The tool fools popular facial recognition software from Microsoft, Amazon and Google with a 99% success rate. This, combined with the anti-reverse-image search function, makes Photo Ninja handy in a range of scenarios, such as users wanting to upload a selfie to social media or a dating app. Running the image through Photo Ninja first will prevent people from connecting this image to other information about a specific person on the web.
However, the developers do not guarantee that Ninja will beat every facial recognition tool out there. When it comes to Clearview AI, for example, a controversial facial recognition service that is widely used by US law enforcement, the company ‘anticipates’ Photo Ninja will fool the company’s software but can’t guarantee it.
In part, this is because Clearview AI probably already has a picture of you in its databases, scraped from public sources long ago. As the company’s CEO Hoan Ton-That said in an interview with The New York Times last year: ‘There are billions of unmodified photos on the internet, all on different domain names. In practice, it’s almost certainly too late to perfect a technology [that hides you from facial recognition search] and deploy it at scale.’
The representatives of DoNotPay agree: “In a perfect world, all images released to the public from Day 1 would be altered. As that is clearly not the case for most people, we recognize this as a significant limitation to the efficacy of our pixel-level changes. Hence, the focal point and intended use case of our tool was to avoid detection from Google Reverse Image Search and TinEye.”
DoNotPay isn’t the first to build this sort of tool. In August 2020, researchers from the University of Chicago’s SAND Lab created an open-source program named Fawkes that performs the same task. Indeed, DoNotPay’s engineers referenced this work in their own research.

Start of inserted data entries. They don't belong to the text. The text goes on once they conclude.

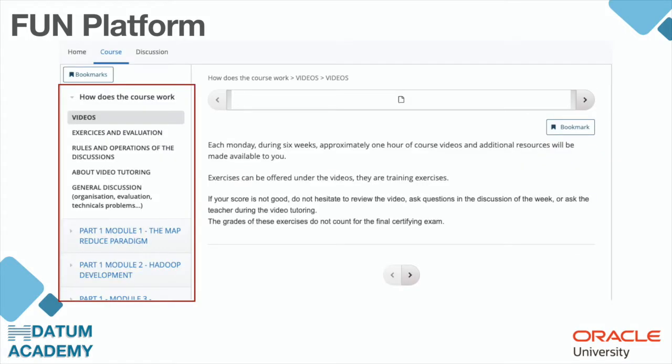As you can see, it's quite the same thing as for your Oracle platform. You have the videos, exercises, evaluations, the rules, and all the modules.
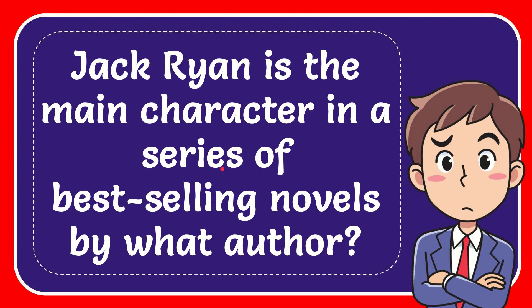In this video I'm going to give you the answer for this question. The question is: Jake Ryan is the main character in a series of best-selling novels by what author?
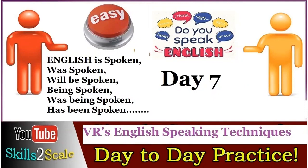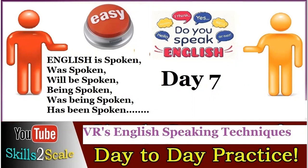Hello friends, welcome back to our Do You Speak English series with VR's English speaking techniques. Today we'll practice day 7, mostly on the is spoken, was spoken, will be spoken, being spoken kind of sentences for day-to-day practice. Let's start our session.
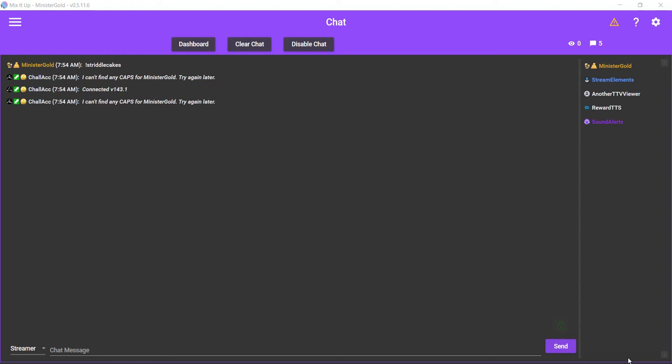Hey, this is Minister Gould. This video will be on how to make a clip command.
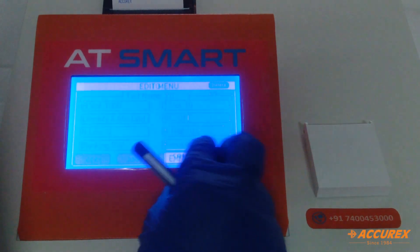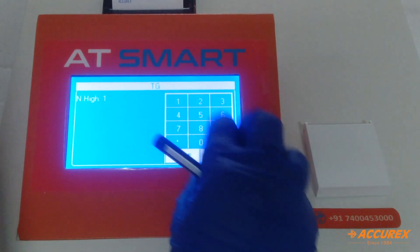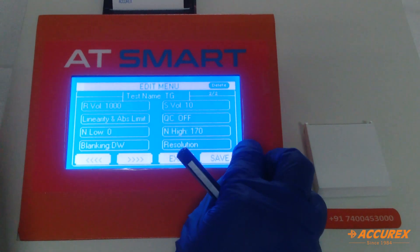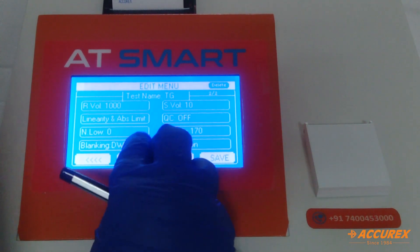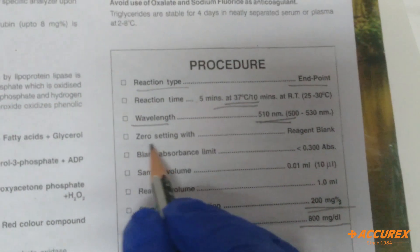Now set the normal range. Normal low is 0 and normal high is 170. Press 0 to 170 and save.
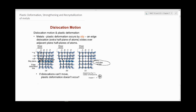If you didn't have dislocations, you'd actually have to break the strong bonds between the atoms, which would be very difficult — not impossible, but difficult. Since you have dislocations, you can create plastic deformation, or permanent deformation, through the movement of these dislocations.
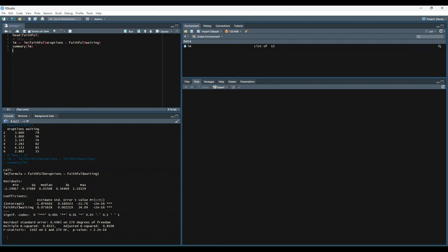So the summary will show us the statistical significance of our model, along with all relevant statistics to correctly interpret the significance. Additionally, we now have our model coefficients. From this summary, we can assume that our model looks something like this: eruptions equals waiting times 0.075628 minus 1.874016.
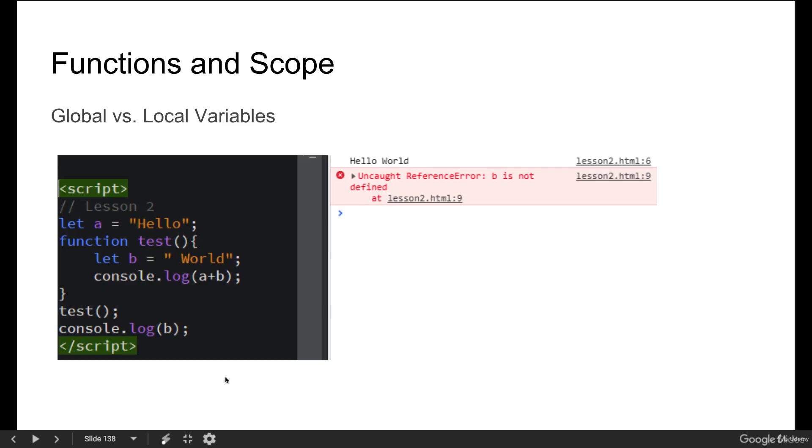The difference between the scope is where the value of the variable is declared. In this case, we've got a variable A equaled to hello, and then we've got a variable B. This one is only living within the function.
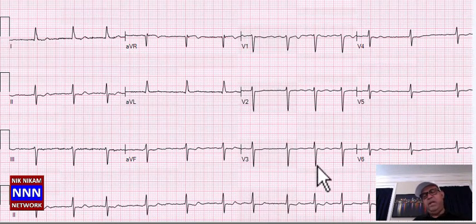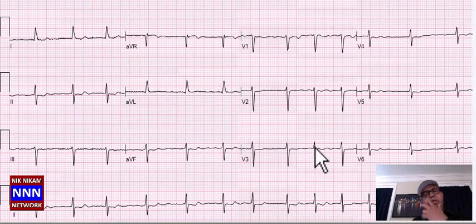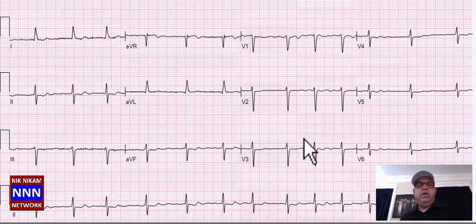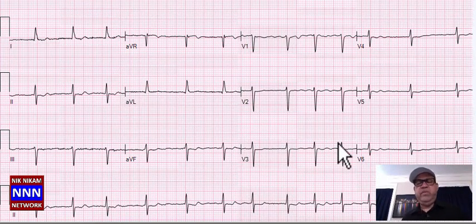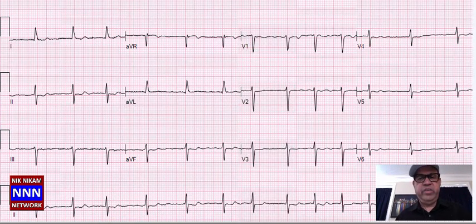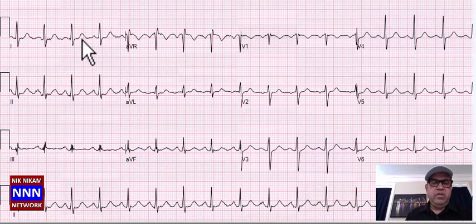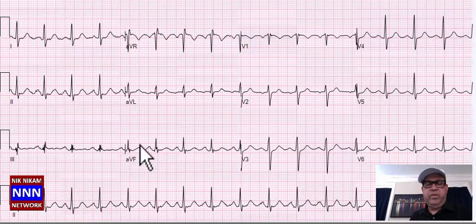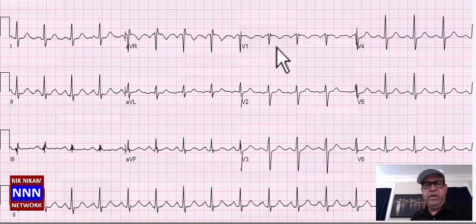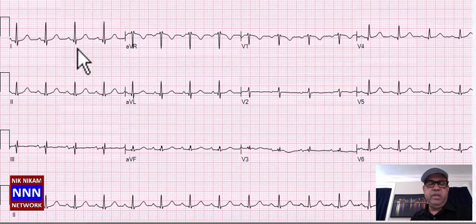Sinus rhythm with non-specific T-wave changes. Sinus rhythm, non-specific ST-T changes inferiorly and anteriorly — diffuse non-specific ST-T changes. Here: diffuse non-specific ST-T changes. Sinus rhythm, T-waves okay, QRS okay in the inferior leads, anteriorly they look all right.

But while Fawkes is a low-profile piece of software, very unlikely to be used by the average internet consumer, DoNotPay has a slightly larger reach, albeit one that is still limited to tech-savvy users who are happy to let bots litigate on their behalf.
Tools like this don’t provide a silver bullet to modern privacy intrusions, but as facial recognition and reverse image search tools become more commonly used, it makes sense to deploy at least some protections. Photo Ninja won’t hide you from law enforcement or an authoritarian state government, but it might fool an opportune stalker or two.